By Prof Graham Paddock

Prof Graham PaddockBelow is an example of two of the questions on the discussion forum on Paddocks Club. We want to show what is available to our Community Members!

Is a new owner liable for a special levy?

The audited annual financial statements of the body corporate showed that there was no debt outstanding by the body corporate at date of purchase.
2. Subsequent to purchase date, it transpires that rates shown as being paid were in fact not paid and the body corporate receives a letter of demand for immediate repayment of these arrear rates, with penalties and interest.
3. For various reasons, the body corporate has no recourse to any other means of recovery of this debt other than to raise a special levy.
4. What is the position of the new buyer in relation to their obligation to make a contribution towards this special levy?

Have a look at see section 37(2A) of the Act.
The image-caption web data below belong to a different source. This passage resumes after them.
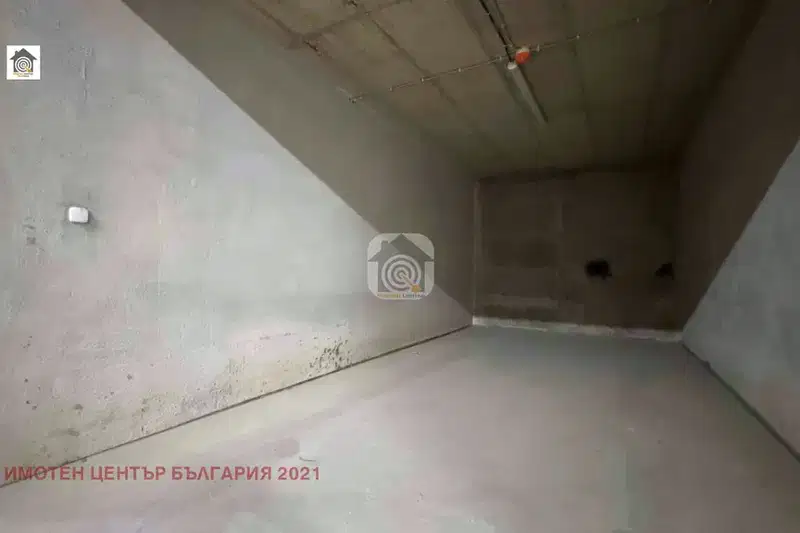 Garage/Parking in Sofiya, Studentski Grad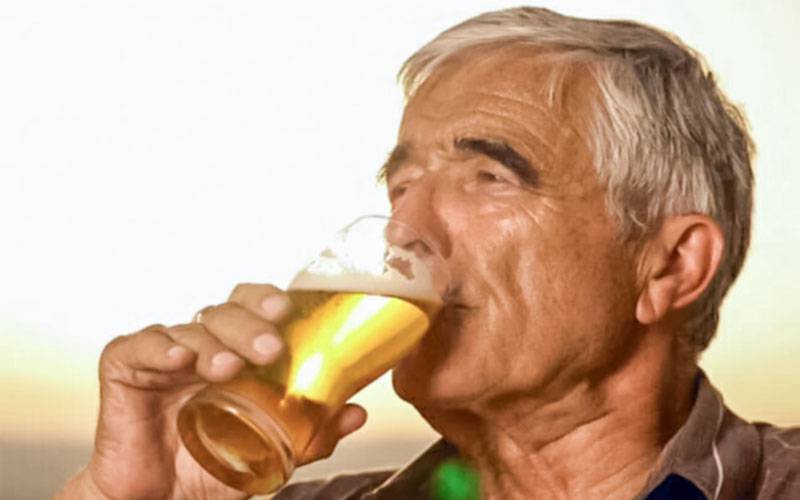 Consumo moderado de cerveja ajuda a reduzir risco de demência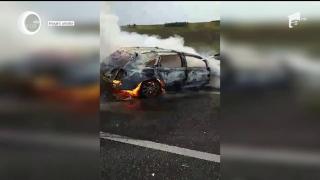Accident cu explozie la Vaslui. O maşină s-a făcut scrum în urma unui impact violent
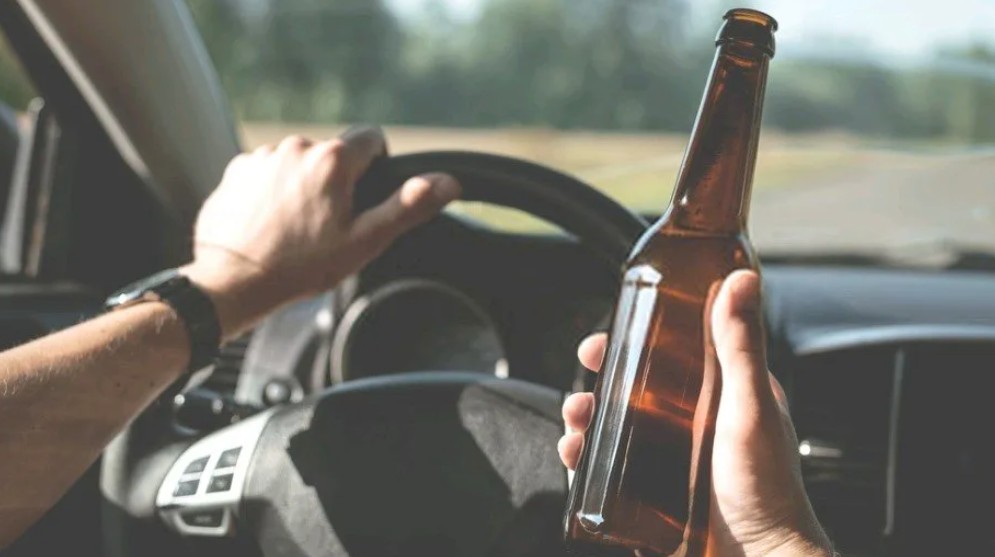 Ndryshon Kodi Rrugor, forcohen rregullat për alkoolin dhe përdorimin e celularit në timon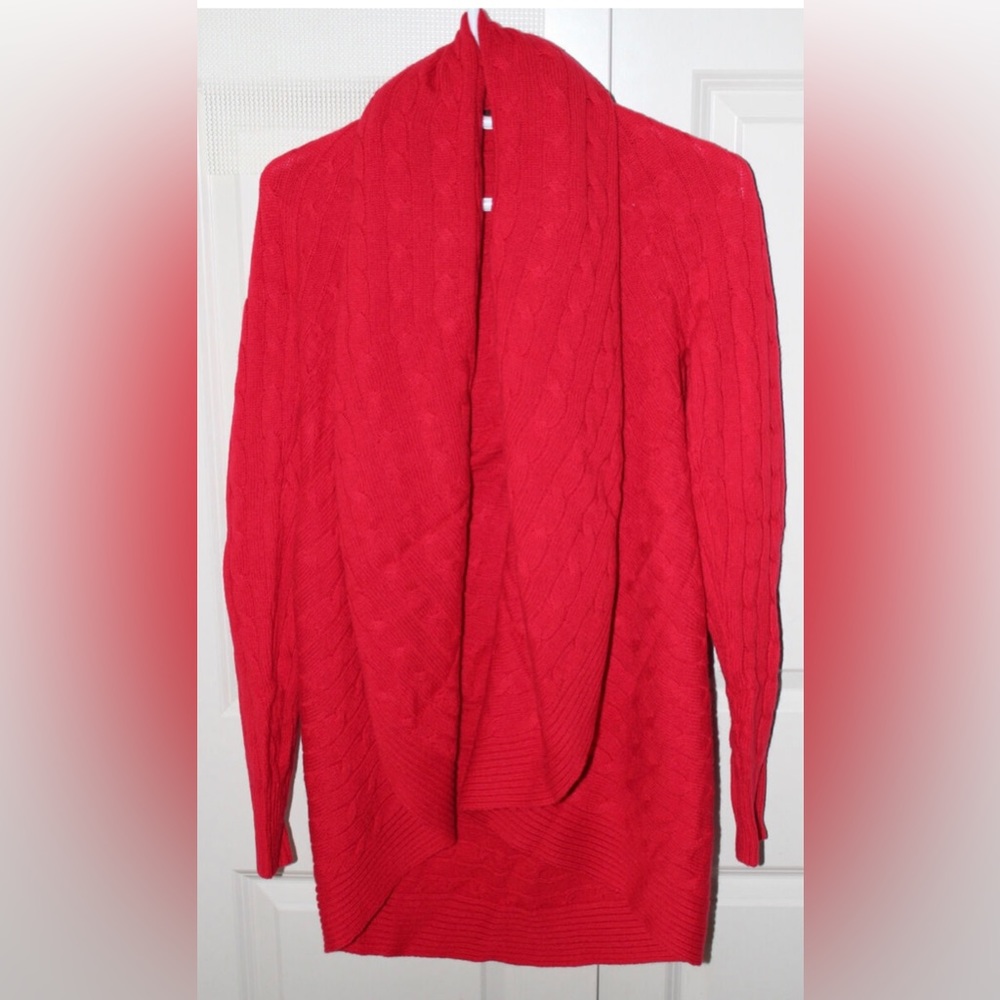 RALPH LAUREN Black label cable knit cashmere circle cardigan.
This has been recently inserted, but the position has not changed.Paddocks Club

Crisply stated, the rule is, “Whoever is the registered owner at the time the trustees take the decision to raise the levy is liable to pay it.”

This can cause apparent inequities, such as in the circumstances you describe. And given the inefficiencies we see in local municipal administration, it is not unknown for rates and service supply accounts to be rendered very late, after some of the persons who were owners in the scheme at the relevant times have gone.

But the legal rule is clear. If the buyer was the registered owner when the special levy was raised, he or she is liable to the body corporate for its payment.

Can rules and architectural guidelines be in an amendable document?

Q2. The HOA is not a registered company. The municipality agrees to amendments provided voting is in writing with 75% in favour.
Is it possible and allowable to have a separate document with the conduct rules and architectural guidelines, with the constitution referring to that document as being “in place and as amended from time to time”?

This document can then be a working document and can even be updated on an annual basis. Please advise.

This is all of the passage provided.